My messages to the town manager were not returned by Tuesday afternoon.

The incident has caused an obvious firestorm among state leaders and the NAACP. Gov. Ralph Northam has called for a State Police investigation. Attorney General Mark Herring requested information from the Windsor Police Department.

“To tell us that a Black Army second lieutenant in uniform can have that type of treatment imposed upon him, imagine what happens when the body cameras are off,” state NAACP Executive Director Da’Quan Love said at a news conference Monday, my colleagues at The Virginia Mercury reported. “Imagine what happens on dark roads across the length and breadth of this commonwealth.”

It’s a scary thought.

Mind you, the treatment Nazario endured would’ve been horrible regardless of race. But we don’t see or hear about these incidents happening to Whites at the same rates as Black and brown motorists.

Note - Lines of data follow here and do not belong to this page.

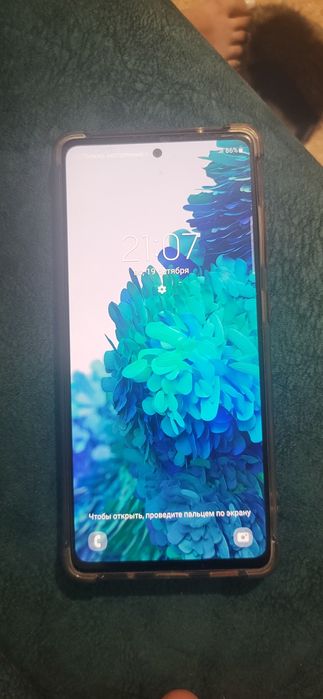 Продам телефон Samsung S20FE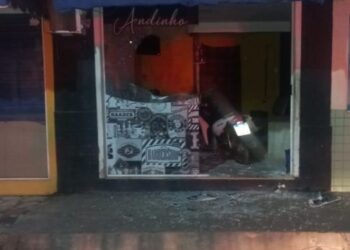Barbearia é alvo de tiros em São Pedro da Aldeia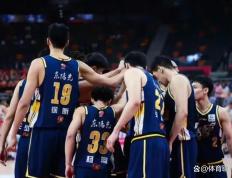 陕西队主场遭遇惨败，失去领先地位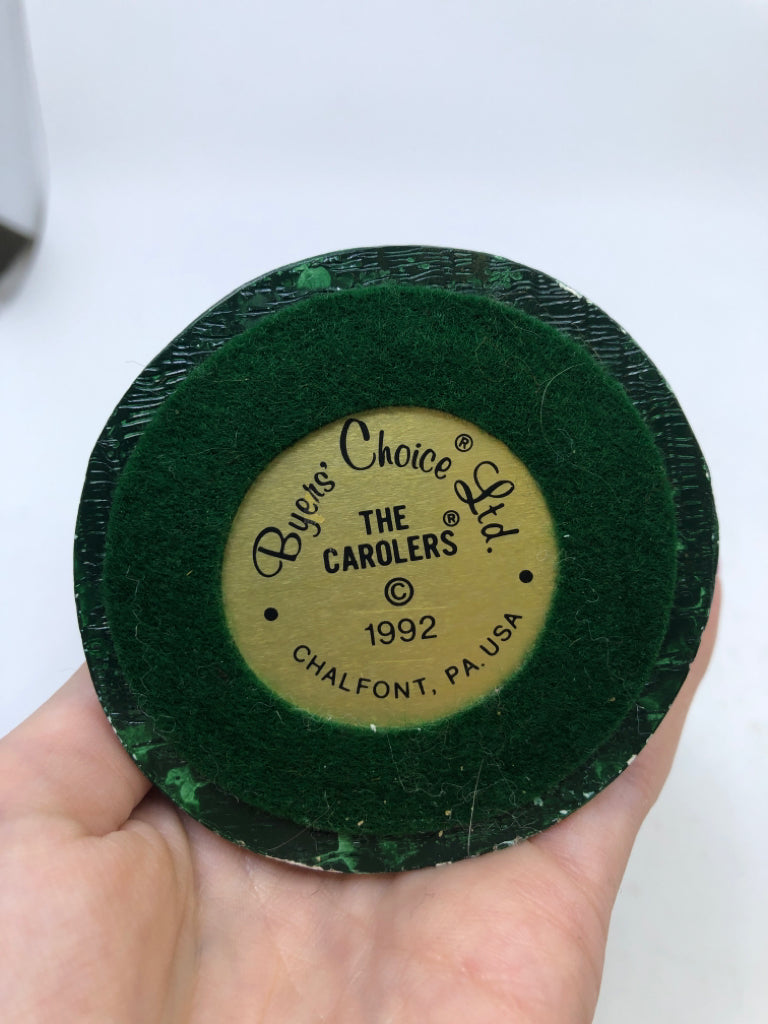 BYERS' CHOICE LITTLE BOY HOLDING SKATE-1992.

Too many of these cases turn tragic, even when the underlying infraction is minor. Look at the fatal shooting of Daunte Wright near Minneapolis this week. He was pulled over for expired tags, then resisted arrest for an outstanding misdemeanor warrant. A police officer reportedly mistook her gun for a Taser, killing Wright, officials said.

Wright would be alive had he “submitted.” He surely didn’t deserve to die for resisting on a minor charge. On Tuesday, the officer who killed Wright and the Brooklyn Center, Minn., police chief resigned.

Jeffrey Fagan is a professor at Columbia Law School and studies policing, crime, gun control and race. He told me the benefits of many police stops are slim.

“Black drivers (are) searched more, but the rate at which contraband is found in those searches is no different,” Fagan said by email. “The difference in suspicion that motivates the higher search rate suggests either racial bias … or statistical discrimination because police believe that Black and LatinX drivers are more likely to be carrying contraband.

“Either explanation suggests that there is invidious discrimination (to use the Supreme Court’s term) that infects policing.”

It’s time for police to rethink their attitudes and decision-making regarding police stops. In too many cases, they’ve become flashpoints for violence.

People of color would embrace the de-escalation. They’d also like staying alive.